Mr. Stibel praised ads for Charles Schwab, the discount brokerage firm. They have included open letters from Charles R. Schwab, the chairman, outlining in plain language his perspective on market conditions.
“The current environment for investors is in many ways unprecedented and clearly unsettling,” the text of the letter begins on the Web site schwab.com.
“Is it a tough environment? Yes,” the letter continues. “Is it a time to be rash? No.”
The straight talk is the right approach, said Andrew Benett, chief executive of Euro RSCG Worldwide in New York, a unit of Havas that is the Schwab creative agency, because “everyone knows how dire the situation is.” “What brands need to do to be successful is to be honest, to have a lot of humility,” he added. “The consumer has very little tolerance of anything else.”
The campaign featuring Mr. Schwab is running in addition to Schwab’s regular ads.
“As we’ve seen anxiety on the part of investors increase,” said Rebecca Saeger, executive vice president and chief marketing officer at the Charles Schwab Corporation in San Francisco, “we’ve reached out to our own clients, reminding them we’re here for guidance and are taking a leadership voice to help individual investors.”

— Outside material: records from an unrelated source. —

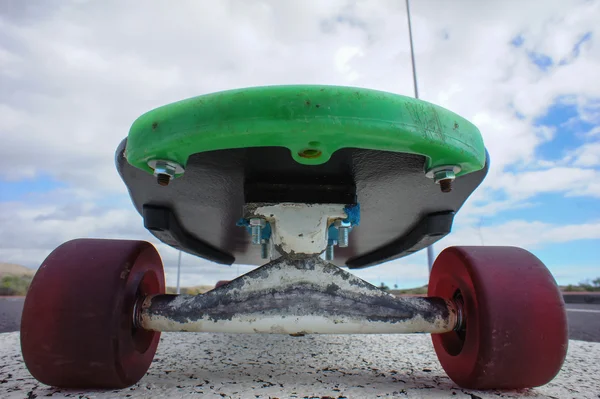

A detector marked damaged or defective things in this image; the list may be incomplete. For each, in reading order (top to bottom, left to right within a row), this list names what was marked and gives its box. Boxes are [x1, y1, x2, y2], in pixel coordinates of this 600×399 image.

chipped white paint [253, 205, 346, 255]
rusty metal axle [137, 256, 460, 334]
chipped white paint [141, 256, 458, 338]
chipped white paint [1, 332, 600, 398]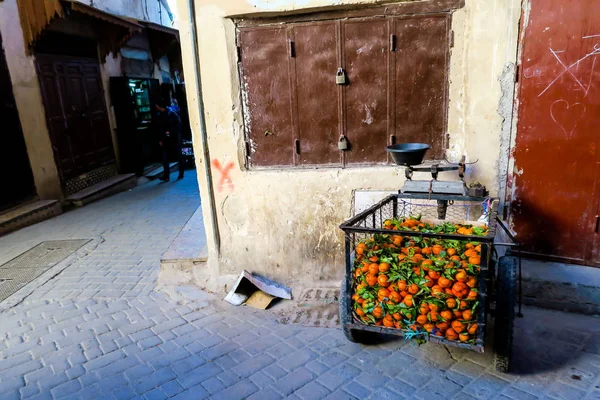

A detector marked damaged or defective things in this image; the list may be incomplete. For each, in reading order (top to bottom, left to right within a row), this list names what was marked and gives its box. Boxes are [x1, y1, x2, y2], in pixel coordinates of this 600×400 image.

cracked plaster wall [177, 0, 520, 290]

“It’s hard to be reassuring when nobody knows how it will all pan out,” she added, “but the feedback has been very positive.”
"The proper tone between being informative and being alarmist"

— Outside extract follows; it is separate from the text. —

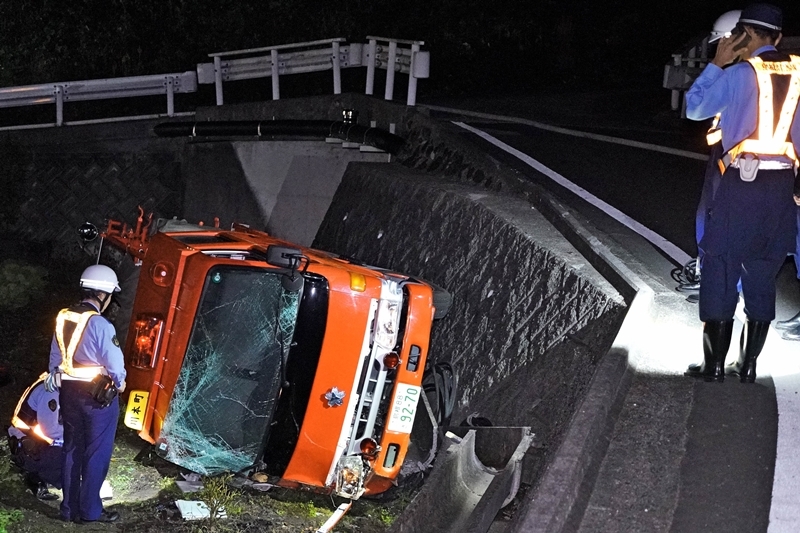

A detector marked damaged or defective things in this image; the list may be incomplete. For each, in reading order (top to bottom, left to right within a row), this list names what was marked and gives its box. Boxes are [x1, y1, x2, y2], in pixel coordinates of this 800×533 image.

cracked windshield [158, 266, 298, 474]
overturned orange fire truck [97, 211, 446, 498]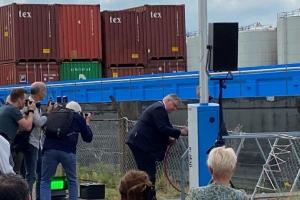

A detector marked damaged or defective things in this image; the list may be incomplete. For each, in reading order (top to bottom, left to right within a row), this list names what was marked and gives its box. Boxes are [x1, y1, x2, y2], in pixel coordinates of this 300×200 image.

Ms. Saeger demurred at describing customer behavior since the ads began, citing rules against discussing material matters before Schwab reports its third-quarter results. However, “we’ve seen a tremendous increase in calls to call centers, visits to branches, visits to the Web site,” she added, and “a ton of interest in more conservative investment options.”
In the same vein, Bank of America decided to alter its advertising, said a spokesman in Boston, Joseph L. Goode, to “promote our various savings options like our risk-free C.D.’s and high-yield C.D.’s.”
Ads for Bank of America by BBDO Worldwide in New York, part of Omnicom, carry headlines like “A new opportunity to bank with confidence, security and a higher interest rate.”
Asked about results, Mr. Goode replied, “Like a lot of large banks, we’ve seen a flight to quality, an increase on the deposit side of our house.”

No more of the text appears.